Das Bundesarbeitsgericht hat bereits in zwei Urteilen vom 12. Dezember 2007 (10 AZR 97/07) und 17. Dezember 2020 (8 AZR 149/20) entschieden, dass ein schuldhafter Verstoß des Arbeitgebers gegen seine Verpflichtung, mit dem Arbeitnehmer für eine Zielperiode gemeinsam Ziele zu vereinbaren, jedenfalls nach Ablauf der Zielperiode, einen Schadensersatzanspruch des Arbeitnehmers mit dem Inhalt auslöst, dass der Arbeitnehmer grundsätzlich so zu behandeln sei, als ob er 100 % der Ziele tatsächlich erreicht hätte. Eine Zielvereinbarung könne ihre Anreizfunktion nur dann erfüllen, wenn der Arbeitnehmer bereits bei Ausübung seiner Tätigkeit die von ihm zu verfolgenden Ziele kenne und wisse, auf das Erreichen welcher persönlicher und/oder unternehmensbezogener Ziele der Arbeitgeber Wert lege. Eine dem Sinn und Zweck einer Zielvereinbarung gerecht werdende Aufstellung von Zielen für einen vergangenen Zeitraum sei nicht möglich. Jedenfalls mit Ablauf der Zielperiode, d.h. regelmäßig mit Ablauf eines Kalender- bzw. Geschäftsjahres, könne ein Arbeitnehmer daher Schadensersatz verlangen, wenn keine Zielvereinbarung getroffen wurde.

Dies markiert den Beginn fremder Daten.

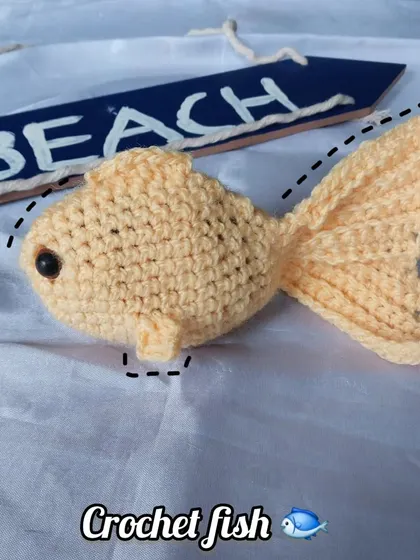 A side profile of the crochet fish, highlighting its 3D shape and cute little eye.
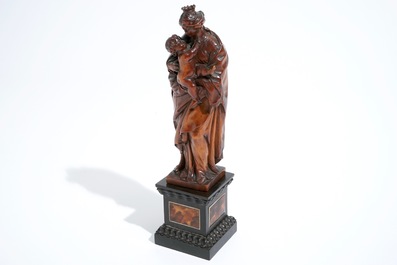 A carved boxwood Madonna with child on tortoise veneer base, 17th C.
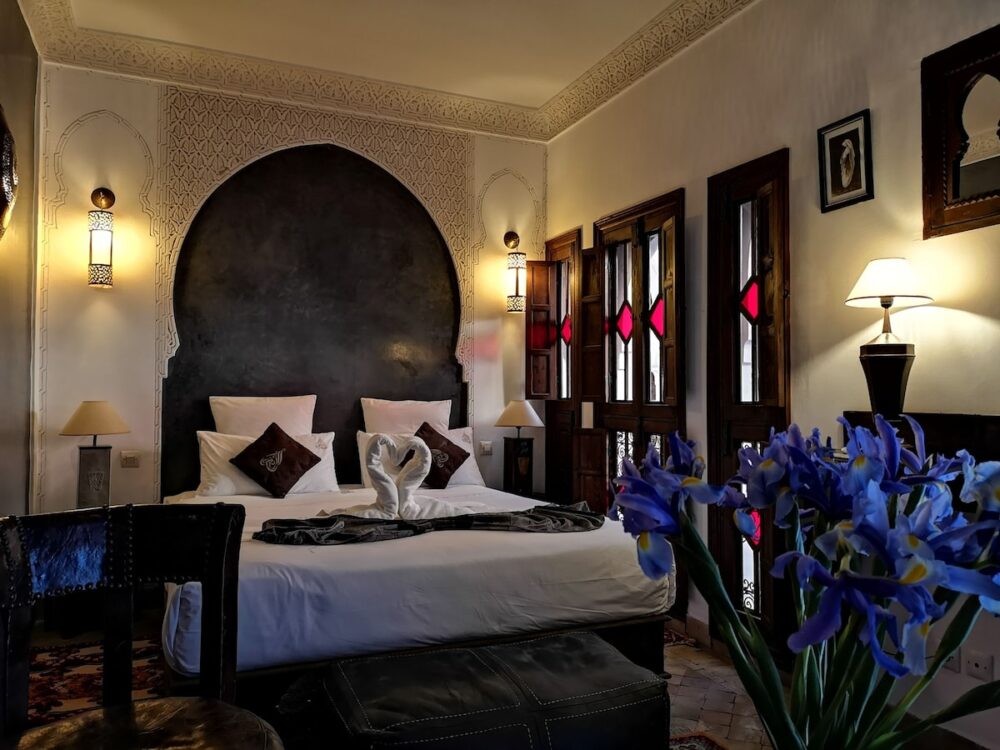 marrakech riad room with styling and stained glass windows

Offengelassen hat das Bundesarbeitsgericht bislang (1) die Frage, was gilt, wenn ein Arbeitgeber „nur“ zu einer (einseitigen) Zielvorgabe verpflichtet ist und diese nicht innerhalb der Zielperiode erfolgt und (2) ob ein (vollständiger) Schadensersatzanspruch auch schon vor Ablauf einer Zielperiode entstehen kann.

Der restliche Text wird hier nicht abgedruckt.